古い雑誌を読んでいたら007シリーズを評して、こんなことが書いてあった。
「フレミングのアイディアの凄いところは、スパイという、暗い、地味な、陰険ですらある職業を、派手で陽気でゴージャスなものとして裏返して設定してしまったことだ。」
「現実のスパイという職業には国家や主義・思想という概念に殉ずる性質があるのだが、こと、彼の作品に登場するスパイたちに限り、敵も味方も、そのような抽象信仰を一切持ち合わせていない。」
言われて初めて気付いたが、私の頭の中では「現実の暗いスパイ像」と「007に代表される明るいスパイ像」とは完全にごちゃ混ぜになっていた。
確かに007は逆転的な発想の産物なのだ。
ここで思い出したのが「マルサの女」で、あの映画は本来は嫌われ者である「税金を徴収する側」が主人公で、脱税をする側が悪者。で「税金を取られるのは嫌だ」と普段思っている観客のほとんどがなぜか「税金を取る側」に肩入れしてしまう、という逆転的かつ苦みのある構図になっているのだ(と「『マルサの女』日記」に書いてあった)。

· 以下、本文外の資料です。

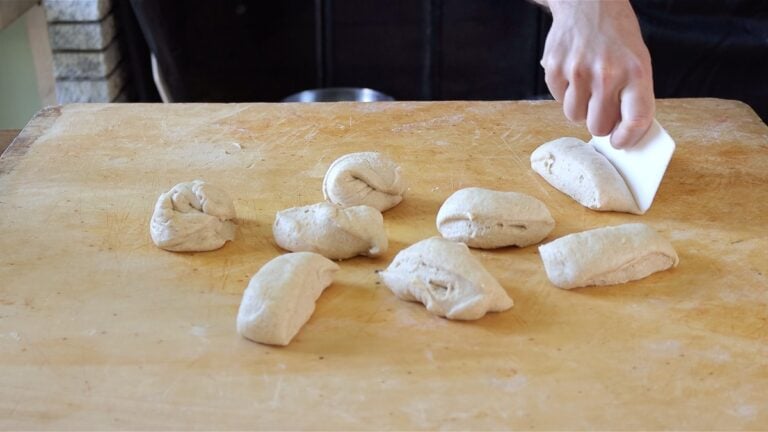 cutting the dough in 9 pieces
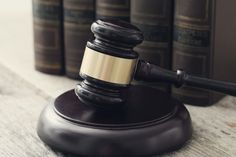 a wooden judge's gavel sitting on top of a table next to books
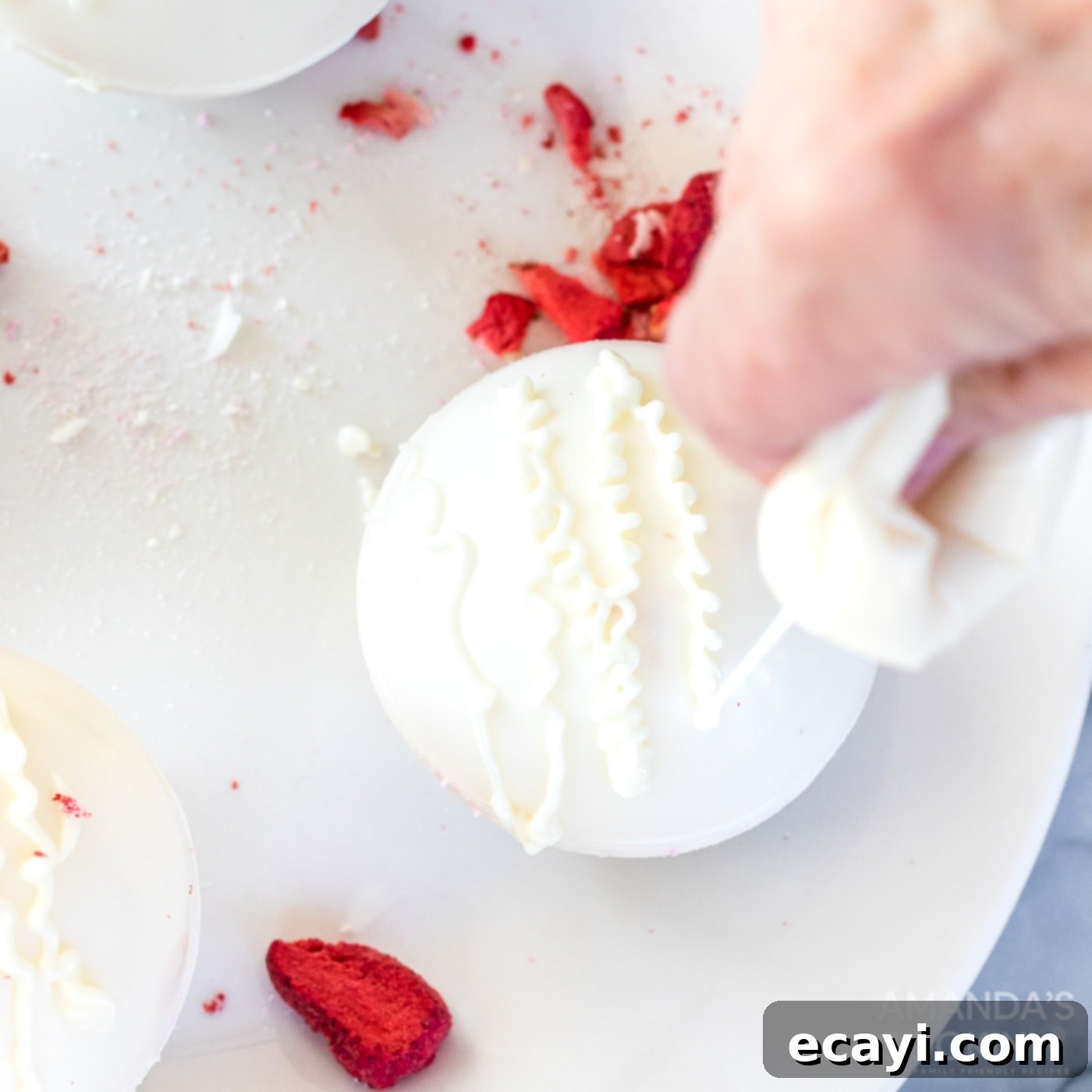 Dreamy Strawberry White Chocolate Hot Cocoa Bombs 13 Decorating the top of a hot cocoa bomb by piping melted white chocolate from a plastic bag, ready for additional sprinkles or dust.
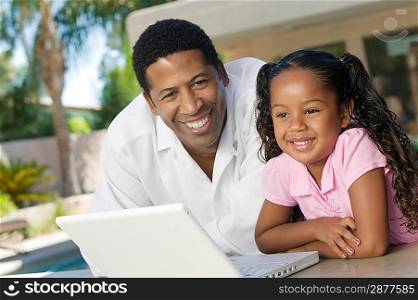 Father and Daughter Using Laptop
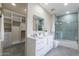 Bathroom featuring a double vanity, a tiled shower/bath, and a spacious walk-in closet, designed for comfort and convenience at 12201 N 65Th St, Scottsdale, AZ 85254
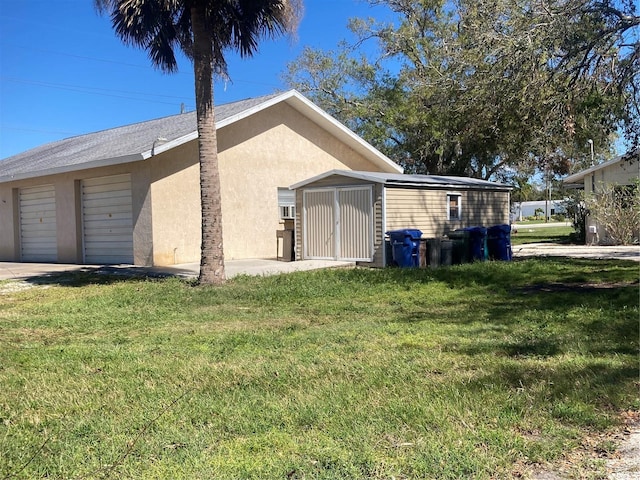 exterior space featuring a yard and a garage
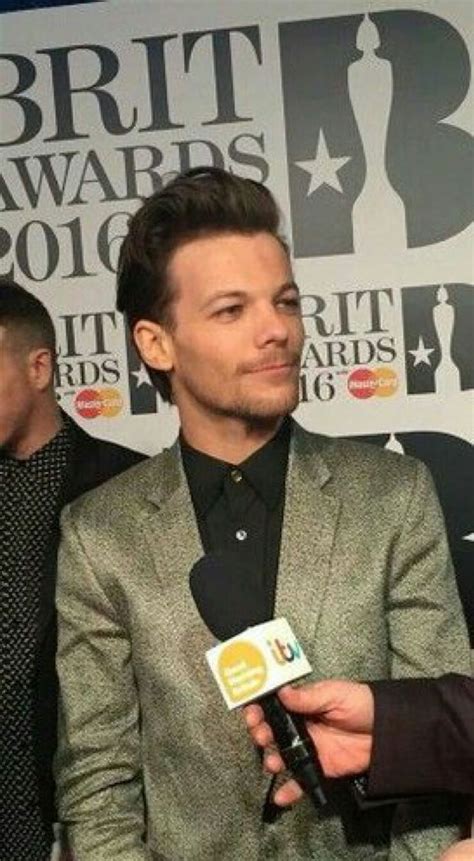 A Man In A Suit Talking To Someone On The Red Carpet At An Awards Event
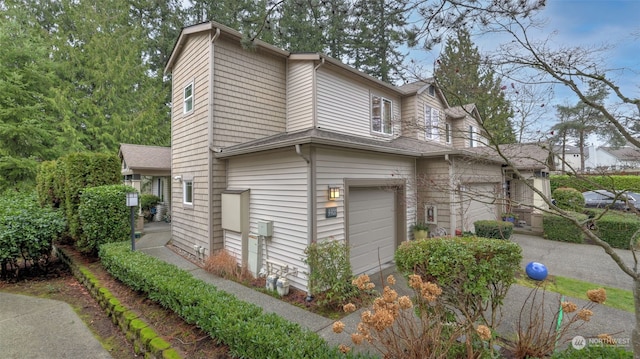 view of property exterior with a garage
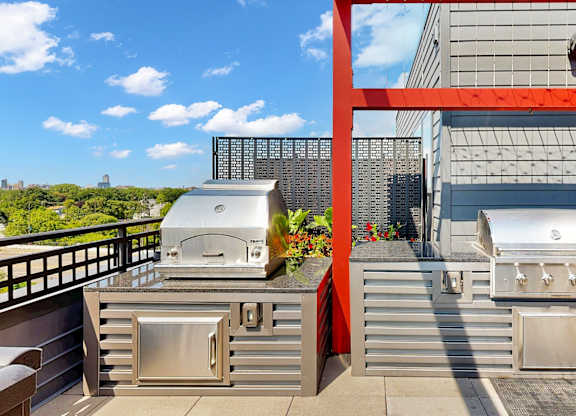 A modern outdoor kitchen with stainless steel appliances and a red frame.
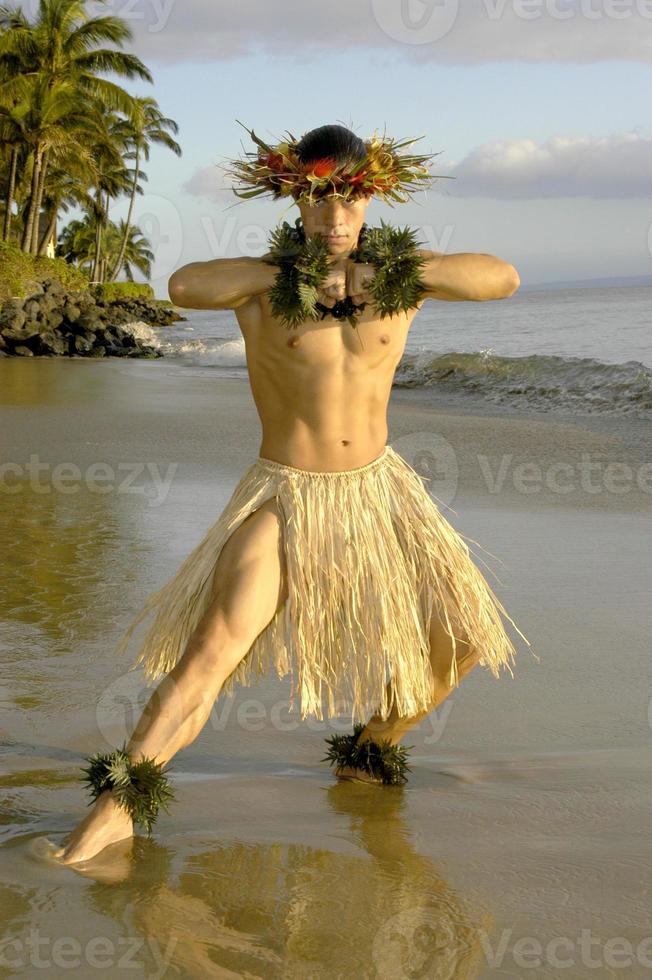 Hawaiianischer männlicher Hula-Tänzer trifft eine Krafthaltung am Strand in Maui, Hawaii. foto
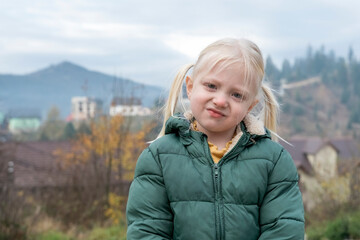 Portrait of pensive blonde girl with two tails standing in fresh air of countryside. Vacation with children in autumn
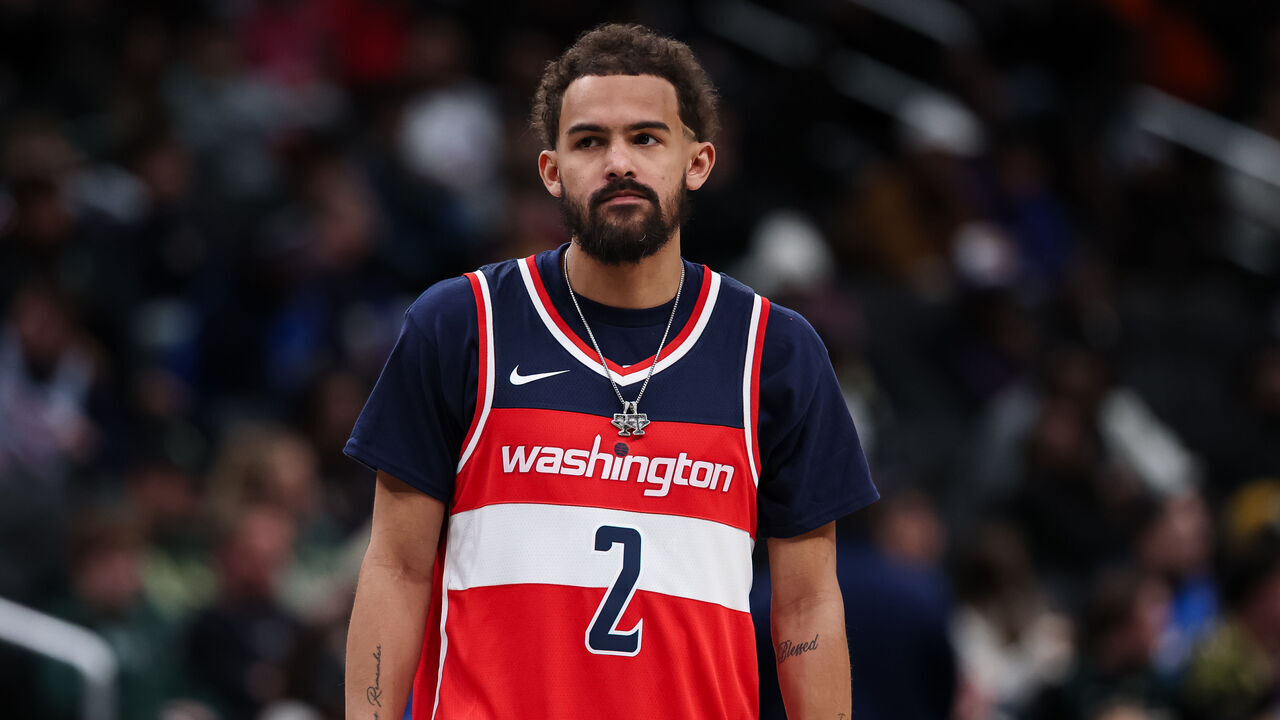 WASHINGTON, DC - JANUARY 29: Trae Young #3 of the Washington Wizards looks on while wearing a John Wall jersey during the second half against the Milwaukee Bucks at Capital One Arena on January 29, 2026 in Washington, DC.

ということは、現実に暗く、じめじめしていそうで、嫌われ者っぽい存在を、明るく、楽しく、おしゃれに、逆転したイメージで描けば、それはフィクションとしてはとても面白い存在になるのだ。
例えば企業の内部告発者はどうか。正義と言えば正義だが、裏切り者っぽく見られたり、陰湿な圧力がかかったりする存在である。
そこをあえて、
「明るく、楽しく、我が社の実状を金融監督庁にタレこみま~す!」
「ポップに、オシャレに、カエルの肉を鶏肉と称して売ってるってことをバラしま~す!」
なんて感じでミュージカル映画にしてはどうか。
優香と竹中直人の「恋に唄えば」よりはヒットすると思うのだが、「恋に唄えば」が存在しなかったことになっているというか、誰も知らないので喩えにならないのであった……。